Fetching XML Data

If the data you want to fetch is in XML format, including in an RSS feed, we can use the requests package to fetch it, and the beautifulsoup4 package to process it.

Let’s consider this example "students.xml" file we have hosted on the Internet:

<GradeReport>
    <DownloadDate>2018-06-05</DownloadDate>
    <ProfessorId>123</ProfessorId>
    <Students>
        <Student>
            <StudentId>1</StudentId>
            <FinalGrade>76.7</FinalGrade>
        </Student>
        <Student>
            <StudentId>2</StudentId>
            <FinalGrade>85.1</FinalGrade>
        </Student>
        <Student>
            <StudentId>3</StudentId>
            <FinalGrade>50.3</FinalGrade>
        </Student>
        <Student>
            <StudentId>4</StudentId>
            <FinalGrade>89.8</FinalGrade>
        </Student>
        <Student>
            <StudentId>5</StudentId>
            <FinalGrade>97.4</FinalGrade>
        </Student>
        <Student>
            <StudentId>6</StudentId>
            <FinalGrade>75.5</FinalGrade>
        </Student>
        <Student>
            <StudentId>7</StudentId>
            <FinalGrade>87.2</FinalGrade>
        </Student>
        <Student>
            <StudentId>8</StudentId>
            <FinalGrade>88.0</FinalGrade>
        </Student>
        <Student>
            <StudentId>9</StudentId>
            <FinalGrade>93.9</FinalGrade>
        </Student>
        <Student>
            <StudentId>10</StudentId>
            <FinalGrade>92.5</FinalGrade>
        </Student>
    </Students>
</GradeReport>

First we note the URL of where the data resides. Then we pass that as a parameter to the get function from the requests package, to issue an HTTP GET request (as usual):

import requests

# the URL of some XML data we stored online:
request_url = "https://raw.githubusercontent.com/prof-rossetti/python-for-finance/main/docs/data/gradebook.xml"

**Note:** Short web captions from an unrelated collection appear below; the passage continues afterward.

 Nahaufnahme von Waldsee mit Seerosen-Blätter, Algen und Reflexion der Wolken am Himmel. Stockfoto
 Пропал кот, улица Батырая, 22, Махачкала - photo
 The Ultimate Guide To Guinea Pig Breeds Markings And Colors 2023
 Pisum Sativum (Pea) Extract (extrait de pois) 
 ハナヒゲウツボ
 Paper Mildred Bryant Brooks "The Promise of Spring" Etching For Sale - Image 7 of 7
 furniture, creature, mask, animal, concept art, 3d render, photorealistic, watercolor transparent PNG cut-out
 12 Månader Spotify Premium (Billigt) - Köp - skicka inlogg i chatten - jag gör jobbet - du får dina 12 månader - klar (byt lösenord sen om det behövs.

response = requests.get(request_url)
print(type(response))
<class 'requests.models.Response'>

Then we pass the response text (an HTML or XML formatted string) to the BeautifulSoup class constructor.

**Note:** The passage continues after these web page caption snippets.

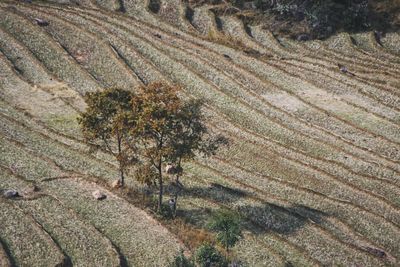 Full frame shot of agricultural field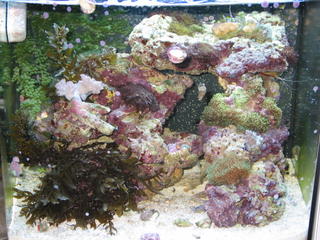 This is how my tank looks now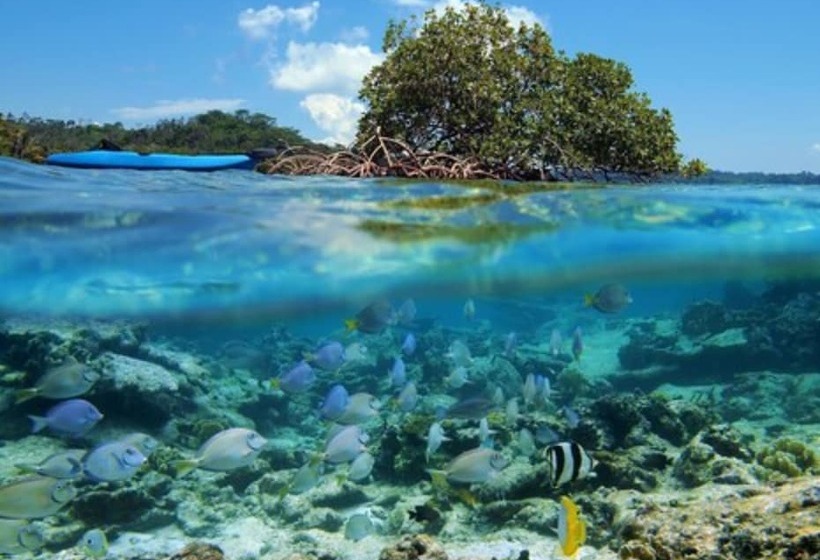 Fotos del hotel Bocas Bali Luxury Water Villas:  3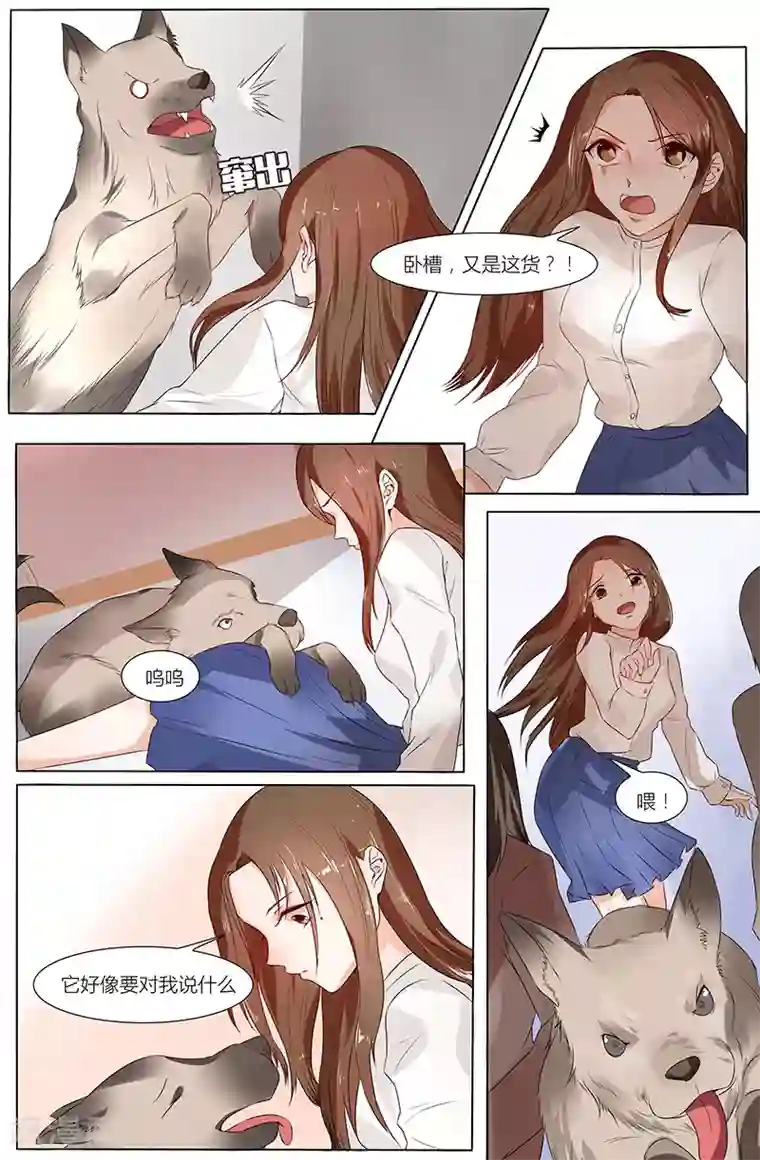 热辣新妻第61话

from bs4 import BeautifulSoup

soup = BeautifulSoup(response.text)
type(soup)
bs4.BeautifulSoup

The soup object is able to intelligently process the data.

We can invoke a find or find_all method on the soup object to find elements or tags based on their names or other attributes. For example, finding all the student tags in this structure:

students = soup.find_all("student")
print(type(students))
print(len(students))
<class 'bs4.element.ResultSet'>
10
# examining the first item for reference:
print(type(students[0]))
students[0]
<class 'bs4.element.Tag'>
<student>
<studentid>1</studentid>
<finalgrade>76.7</finalgrade>
</student>
# looping through all the items:
for student in students:
    print("-----------")
    print(type(student))
    student_id = student.studentid.text
    final_grade = student.finalgrade.text
    print(student_id, final_grade)
-----------
<class 'bs4.element.Tag'>
1 76.7
-----------
<class 'bs4.element.Tag'>
2 85.1
-----------
<class 'bs4.element.Tag'>
3 50.3
-----------
<class 'bs4.element.Tag'>
4 89.8
-----------
<class 'bs4.element.Tag'>
5 97.4
-----------
<class 'bs4.element.Tag'>
6 75.5
-----------
<class 'bs4.element.Tag'>
7 87.2
-----------
<class 'bs4.element.Tag'>
8 88.0
-----------
<class 'bs4.element.Tag'>
9 93.9
-----------
<class 'bs4.element.Tag'>
10 92.5